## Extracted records
◆ ◆ ◆ ◆ ◆ ◆ ◆
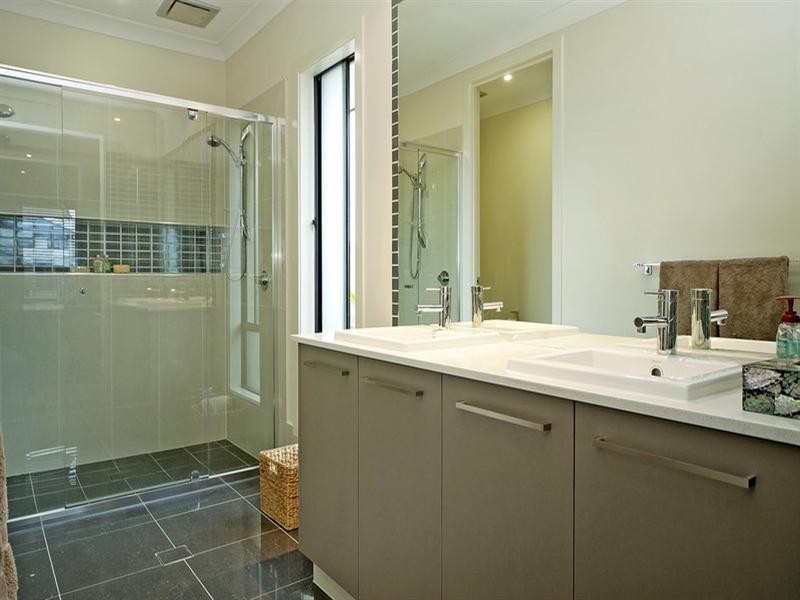 103 Compass Drive, Biggera Waters QLD 4216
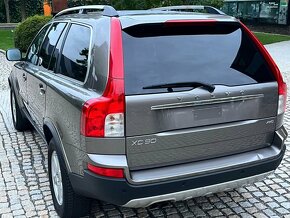 Volvo XC90 2.4 D5 147KW 4x4 AUT NAVI 7MÍST BI XENON SERVISKA - 7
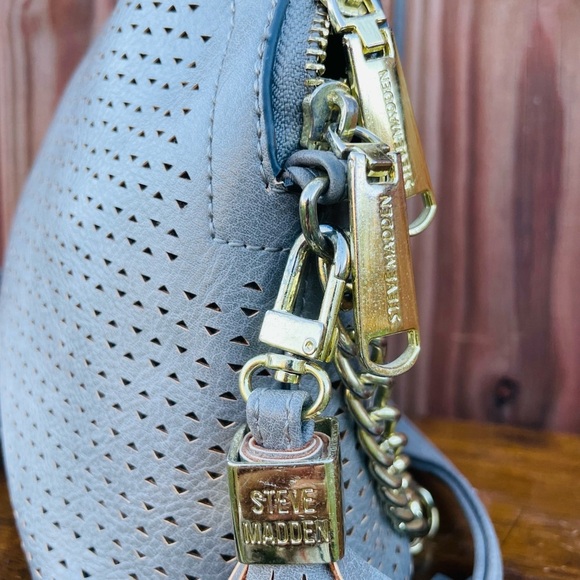 Steve Madden purse silver Gray  perforated leather Women's crossbody Bag - Picture 10 of 15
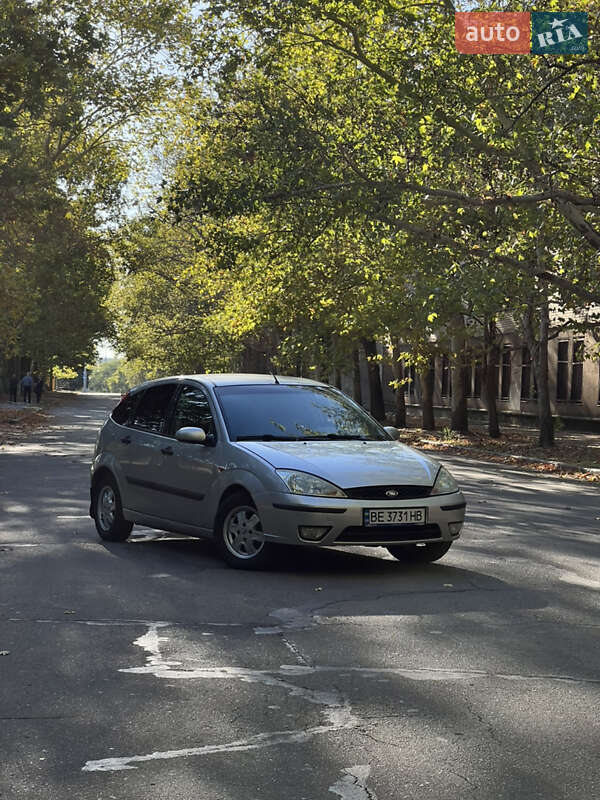 Хэтчбек Ford Focus 2004 в 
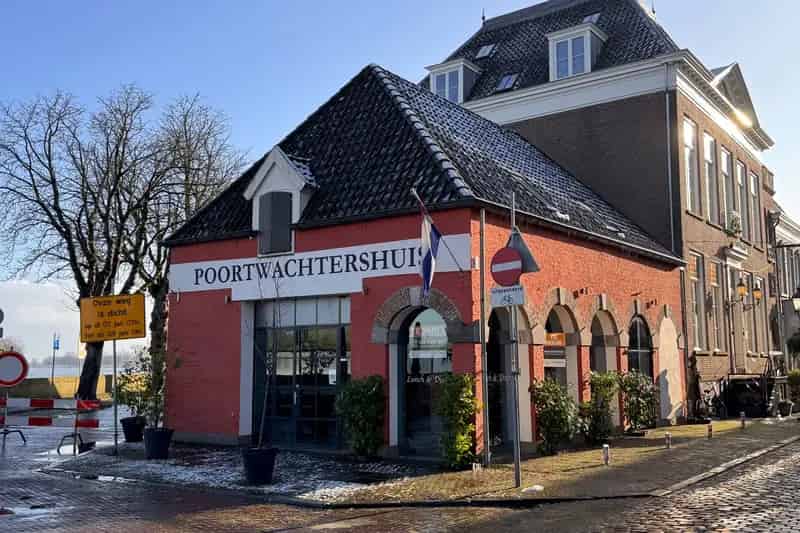 Horeca Pand te Huur Grave: Rijksmonument aan de Maas
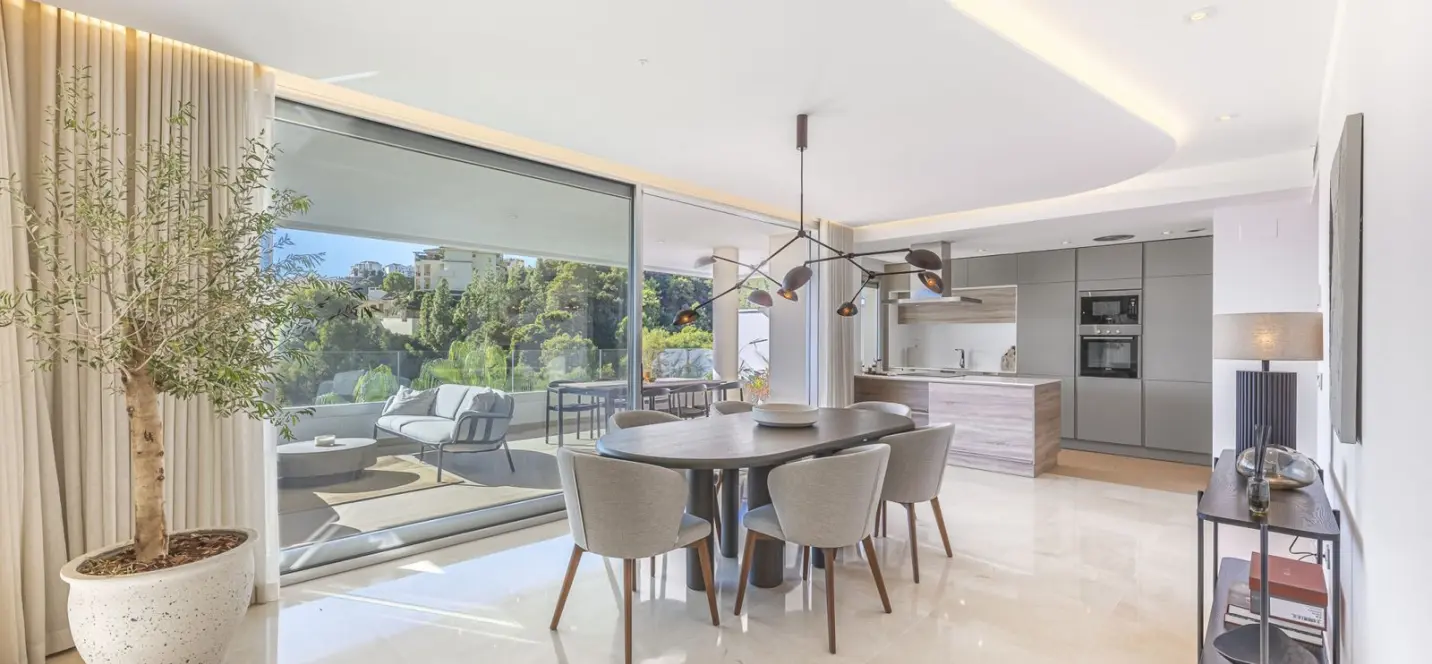 Venta de ático dúplex en Benahavís 2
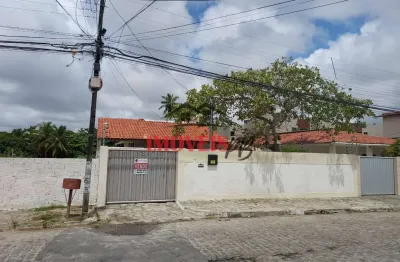 Uma excelente casa a venda nos bancários ,3 quartos sendo 1 suíte.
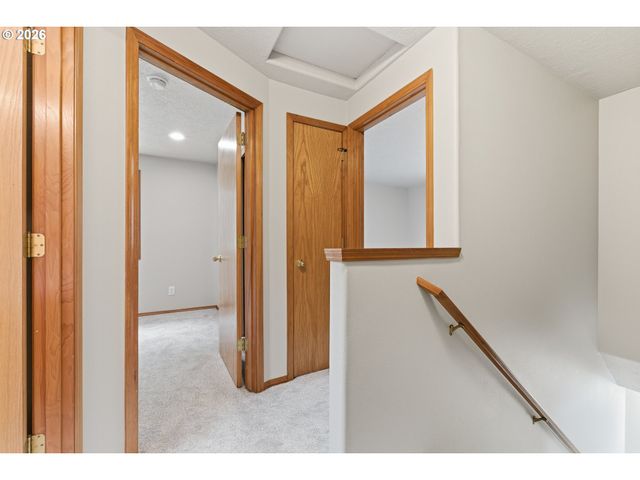 7309 Se HOLGATE Blvd, Portland, OR 97206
◆ ◆ ◆ ◆ ◆ ◆ ◆
## Problem details
Give back each entry exactly as it appears, with no pictures.

## Exercise solution
 103 Compass Drive, Biggera Waters QLD 4216
 Volvo XC90 2.4 D5 147KW 4x4 AUT NAVI 7MÍST BI XENON SERVISKA - 7
 Steve Madden purse silver Gray  perforated leather Women's crossbody Bag - Picture 10 of 15
 Хэтчбек Ford Focus 2004 в 
 Horeca Pand te Huur Grave: Rijksmonument aan de Maas
 Venta de ático dúplex en Benahavís 2
 Uma excelente casa a venda nos bancários ,3 quartos sendo 1 suíte.
 7309 Se HOLGATE Blvd, Portland, OR 97206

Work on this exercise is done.